Esta mañana, mientras se emitía en televisión un documental sobre la participación de los canarios en la guerra de Cuba (1895-1898), charlaba con un joven senegalés sobre la influencia que han tenido en América los habitantes de estas islas y cómo la migración canaria ha contribuido a forjar la identidad de ambos pueblos. En el reportaje se narraban las historias de hombres que, por distintas razones, terminaron uniéndose a las filas del Ejército cubano. Lejos de hacer una analogía con la situación que, desgraciadamente, viven hoy millones de personas, la conversación derivó hacia la memoria familiar. La de mi propia familia.
La mente, como en una ensoñación, me trasladó hacia épocas no tan lejanas en las que mis antepasados arriesgaron sus vidas y probaron fortuna al otro lado del charco. Unos a Venezuela, la llamada «octava isla»; otros a Cuba. En la mente de todos, el mismo anhelo de prosperidad y esperanza. De pronto, me vi ante la imagen de mis abuelos contando las historias de sus hermanos, tíos u otros familiares. Hubo quien, incluso, cruzó el ancho mar llevando consigo un piano y una maleta cargada de partituras para no olvidar la música, su gran pasión. Recuerdos e historias que se conservan en viejas fotos con rostros ya desgastados y en cartas llenas de nostalgia.
Algunos de quienes partieron de este pequeño archipiélago atlántico consiguieron sus propósitos e hicieron fortuna. Otros muchos, la mayoría, corrieron la misma suerte de la que intentaban escapar. Al igual que hoy, los titulares de entonces se hacían eco: «Apresados en Venezuela 160 canarios ilegales». También entonces hubo buenos samaritanos que auxiliaron a quienes quedaban al borde del camino.
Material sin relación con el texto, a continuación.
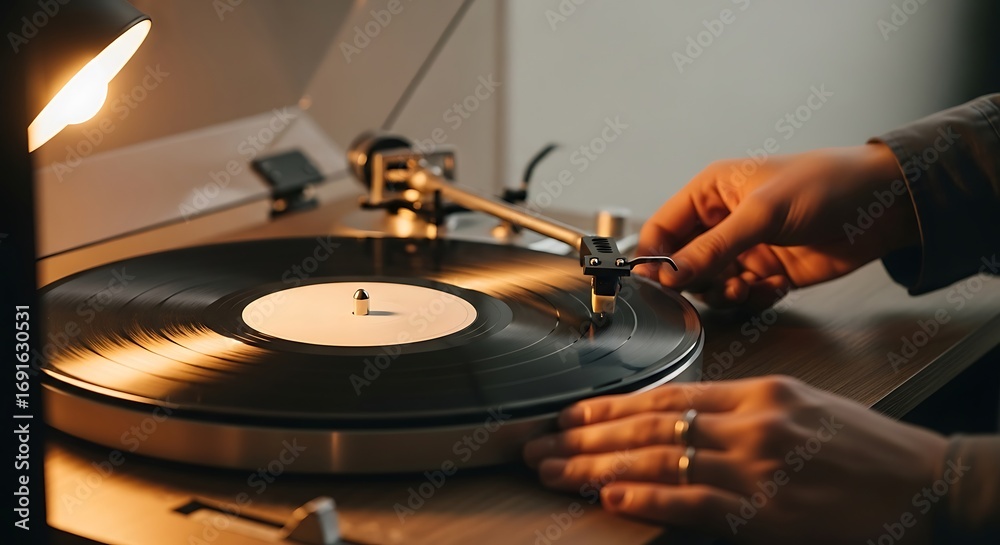 Obraz premium Hand placing needle on vinyl record for nostalgic music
Tras un largo rato, el diálogo concluyó con consenso: todos somos migrantes y deberíamos conocer su suerte, «porque emigrantes fuisteis vosotros en Egipto» (Ex 23,9). Quizá reconocer la propia historia sea el primer paso para poder contar y acompañar las de los demás. Porque esos «otros» que hoy llegan, ayer fuimos «nosotros».